Lors de sa master class, il explique son approche unique en matière de sélection : il ne choisit pas un film uniquement pour sa qualité intrinsèque, mais pour ce qu’il peut apporter au festival. « Mon rôle n’est pas de sélectionner ce que j’aime personnellement, mais ce qui mérite d’être montré à Cannes. Parfois, il y a des films que je n’aime pas particulièrement, mais qui ont leur place ici. À l’inverse, certains excellents films n’y conviennent pas. »
Pour Thierry Frémaux, Cannes est bien plus qu’un simple festival : c’est un microcosme où cohabitent réalisateurs, acteurs, journalistes, critiques, et même les habitants et restaurateurs locaux. « Cannes, c’est un festival mondial mais qui a lieu en France. C’est un lieu où les grands films protègent les petits, où la qualité artistique est toujours au centre. »
Les tapis rouges de Cannes, qu’il qualifie de « spectacle à part entière », ne sont pas qu’un simple défilé de célébrités. Ils constituent un moment de communion entre les artistes et le public, une mise en lumière du travail acharné derrière chaque film présenté. Cependant, il n’hésite pas à rappeler que la critique, les débats et les discussions animées entre journalistes et spectateurs jouent également un rôle crucial dans l’identité du festival.
Le rôle de Thierry Frémaux est également marqué par des décisions parfois controversées, mais visionnaires. Il évoque notamment son choix de programmer Devdas en 2002, un film Bollywood grand public qui avait divisé l’opinion. « Ce n’était pas du cinéma indien d’auteur, mais du cinéma populaire. Pourtant, c’était un chef-d’œuvre. Je regrette de ne pas l’avoir mis en compétition officielle. »

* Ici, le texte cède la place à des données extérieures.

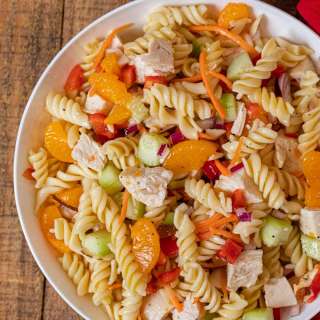 Mandarin Chicken Pasta Salad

Plus récemment, il a pris la décision de présenter The Substance en compétition officielle, un film d’horreur du genre « body horror », qu’il estimait mal servi par des sections comme les Midnight Screenings. « Un film doit recevoir l’attention qu’il mérite, peu importe son genre. » Ce choix reflète sa volonté de défendre la diversité et de redéfinir les frontières de ce qui est considéré comme « légitime » dans un festival aussi prestigieux que Cannes.
Le processus de sélection des films est un exercice rigoureux, presque exténuant. « En avril, mes collaborateurs et moi avons nos yeux dans un état lamentable à force de visionner des films. Parfois, nous devons faire une pause pour préserver notre jugement. » Malgré cette fatigue, Thierry Frémaux reste animé par l’excitation de découvrir « le beau film », celui qui justifie tous les sacrifices.
Interrogé sur l’avenir du cinéma face aux défis posés par les plateformes de streaming et la pandémie, il demeure optimiste. Pour lui, l’expérience collective de la salle de cinéma est irremplaçable. « Les frères Lumière ont inventé non seulement le cinéma, mais aussi l’art de partager des émotions sur grand écran. Cela ne disparaîtra jamais. »
Thierry Frémaux a également exprimé son admiration pour le RSIFF, qu’il considère comme une plateforme émergente d’une grande importance pour le cinéma arabe et africain. « Ce festival a tout pour devenir un rendez-vous incontournable, tant par la qualité de ses projections que par la diversité de sa sélection. »
Au-delà des chiffres et des réussites, Thierry Frémaux incarne une philosophie du cinéma fondée sur la passion, l’audace et le respect de l’art. Lorsqu’on lui demande ce qu’il conseille aux jeunes cinéastes, il répond simplement : « Faites un bon film. Peu importe son genre, il finira par trouver sa place. »
Son parcours, entre Lyon et Cannes, entre les tapis rouges et les salles obscures, est un hommage vibrant à la force du cinéma comme vecteur d’émotion et d’humanité. Par ses choix, ses récits et son engagement, il inspire une nouvelle génération de cinéphiles à rêver grand, tout en gardant les pieds sur terre.